I'm used poppler-qt4 with Qt (4.7) for displaying pdf documents.

Some users have encountered a bug: the documents are not displayed, because load() function fails on their system (it's works perfectly for me).

It seems that this is because those users use a system in Hebrew, but 
maybe is it something else (I'm using Vista and they are under Seven).
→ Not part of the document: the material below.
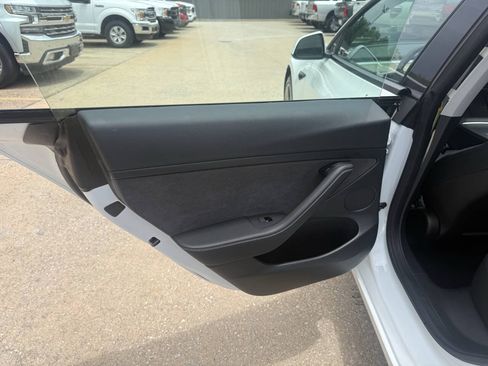 Used 2023 Tesla Model 3 Standard Range RWD image 14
I replaced the call to load () function with a call to the function loadFromData () and everything works perfectly for everyone ...

Thanks...
Comment 1 Albert Astals Cid 2011-03-17 03:08:51 UTC
Unless you can provide precise examples of what is wrong i don't know how you expect us to fix anything.
Comment 2 yoch 2011-03-17 04:26:10 UTC
(In reply to comment #1)
> Unless you can provide precise examples of what is wrong i don't know how you
> expect us to fix anything.

The trouble is that it works for me... This bug occurs on Systems like MS-Windows Seven in hebrew, or MS-Windows Seven x64 in French, etc. The problem is clearly that the load() function fails on some systems, and that document is not initialized.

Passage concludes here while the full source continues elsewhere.